Kann ich das Spiel zurückgeben unter diesem Umständen? Ich finde das eine Frechheit.


----------



## Jack ONeill (18. September 2013)

*AW: Was ist Uplay für ein Dreck?*

Lösche einfach mal Uplay und lad es erneut runter, sowas hatte ich da bis jetzt zum Glück erst einmal. Du musst das Spiel aber auch manuell herunterladen

mfg


----------



## Incredible Alk (18. September 2013)

*AW: Was ist Uplay für ein Dreck?*

Einmal aktiviert ist nichts mehr mit zurückgeben oder verkaufen. Das ist ja eines der Ziele dieser dämlichen Portale.


----------



## Tripleh84 (18. September 2013)

*AW: Was ist Uplay für ein Dreck?*

des kanns nicht sein. Ich versuch zum dritten mal die 20GB zu laden.. Und mehr macht er im moment nicht wie auf dem Bild.  Wenn ein Anbieter die gekaufte Leistung nicht bringt, muss es da doch einen weg geben.


----------



## Incredible Alk (18. September 2013)

*AW: Was ist Uplay für ein Dreck?*

Weder der Account noch darin aktivierte Spiele können zurückgegeben oder verkauft werden, unabhängig davon ob die Server Probleme haben oder nicht. Dem hast du bei der Installation von Uplay durch einen Klick auf "AGBs akzeptieren" zugestimmt, da steht das drin.


----------



## Tripleh84 (18. September 2013)

*AW: Was ist Uplay für ein Dreck?*

Dann bin ich ja wohl so Blöd wie Millionen andere Leute.. Ich weiß nur das ich kein Spiel mehr Kaufe was mit Uplay zu tun hat. Steam kann man ja gerade noch so ertragen. Aber 6 Stunden rumfummeln mit 50mbit, und am Ende doch kein Spiel haben für sein Geld geht zu weit. Naja Pech gehabt.

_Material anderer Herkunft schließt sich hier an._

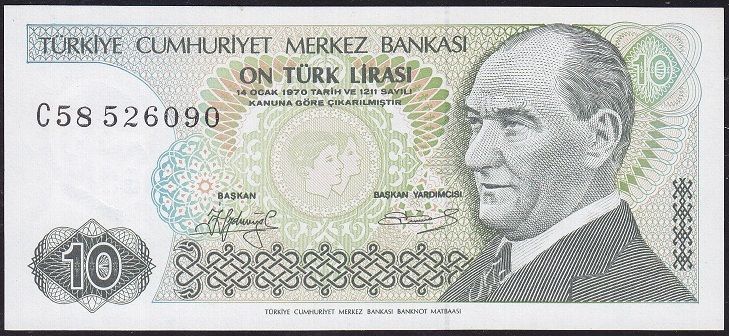 7.Emisyon 1.Tertip 10 Lira C58 526090 Çil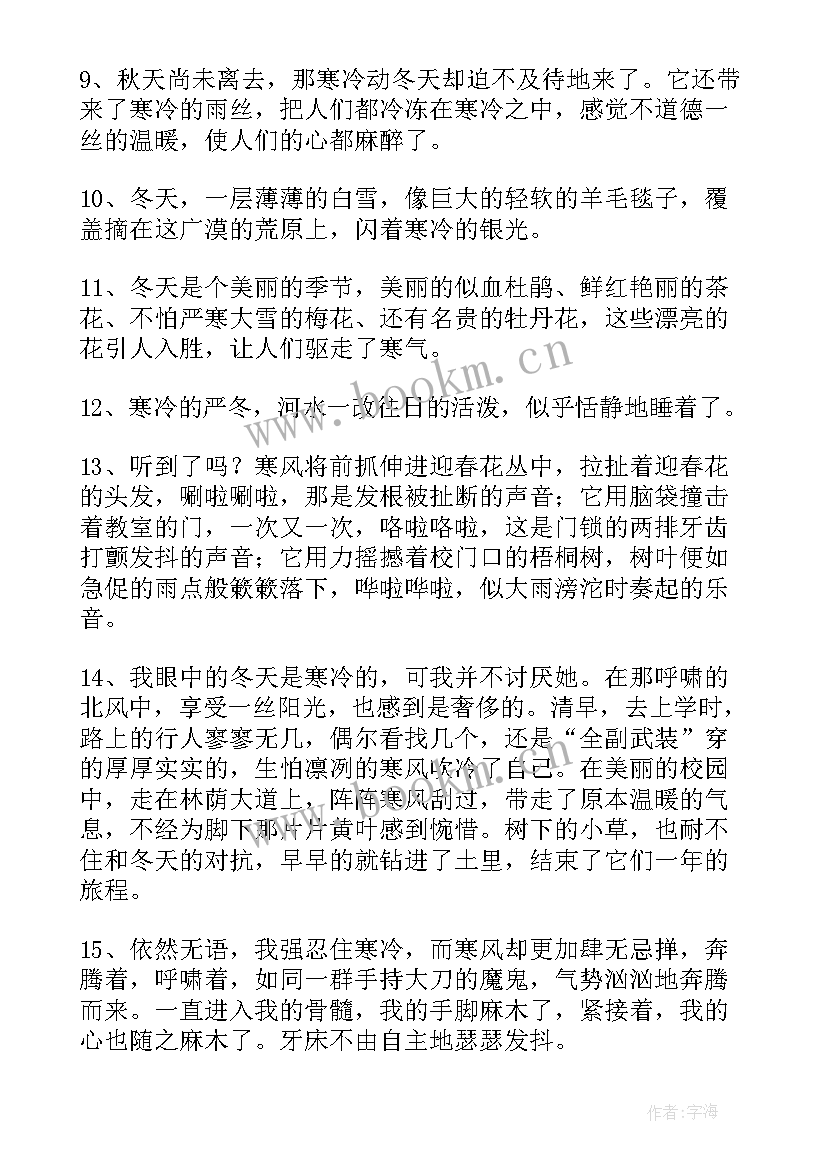 2023年冬天的好词好句短句摘抄 冬天的好词好句(精选5篇)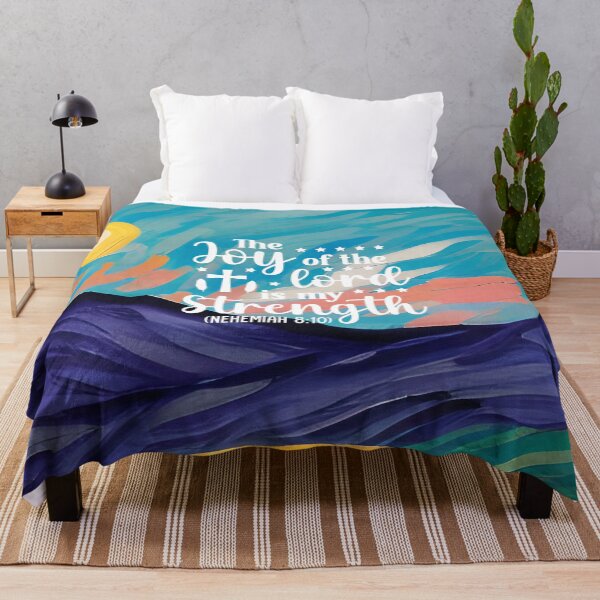 Item preview, Bible verses about strength - Nehemiah 8:10 with Colorful Blue and Ochre Preppy Mountain Art designed and sold by SpartanDStore.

EDIT: Dann könnte man doch auch bei Ebay sachen verkaufen, und im Kleingedruckten Schreiben.. "Gekauft ist gekauft ob ich liefere oder nicht zum nachteil des Käufers"


----------



## Diaflolo97 (18. September 2013)

So ist das nunmal, AGB's machen in 99% der Fälle den Kunden wehrlos und das ist auch der Sinn von AGB's. Kannst du das Spiel jetzt nicht nochmals herunterladen? Wenn ja, einfach immer wieder probieren, vllt gehts irgendwann. 
Erstaunlich wie Valve das mit Steam packt, uPlay ist echt schlimm, Origin ein notwendiges Übel, aber Steam funktioniert angenehm gut, das einzige was stört ist, dass Updates genau dann gemacht werden müssen, wenn man grade mal wieder ein Steamspiel spielen will.


----------



## Pliscin (18. September 2013)

*AW: Was ist Uplay für ein Dreck?*



Tripleh84 schrieb:


> Dann bin ich ja wohl so Blöd wie Millionen andere Leute.. Ich weiß nur das ich kein Spiel mehr Kaufe was mit Uplay zu tun hat. Steam kann man ja gerade noch so ertragen. Aber 6 Stunden rumfummeln mit 50mbit, und am Ende doch kein Spiel haben für sein Geld geht zu weit. Naja Pech gehabt.
> 
> EDIT: Dann könnte man doch auch bei Ebay sachen verkaufen, und im Kleingedruckten Schreiben.. "Gekauft ist gekauft ob ich liefere oder nicht zum nachteil des Käufers"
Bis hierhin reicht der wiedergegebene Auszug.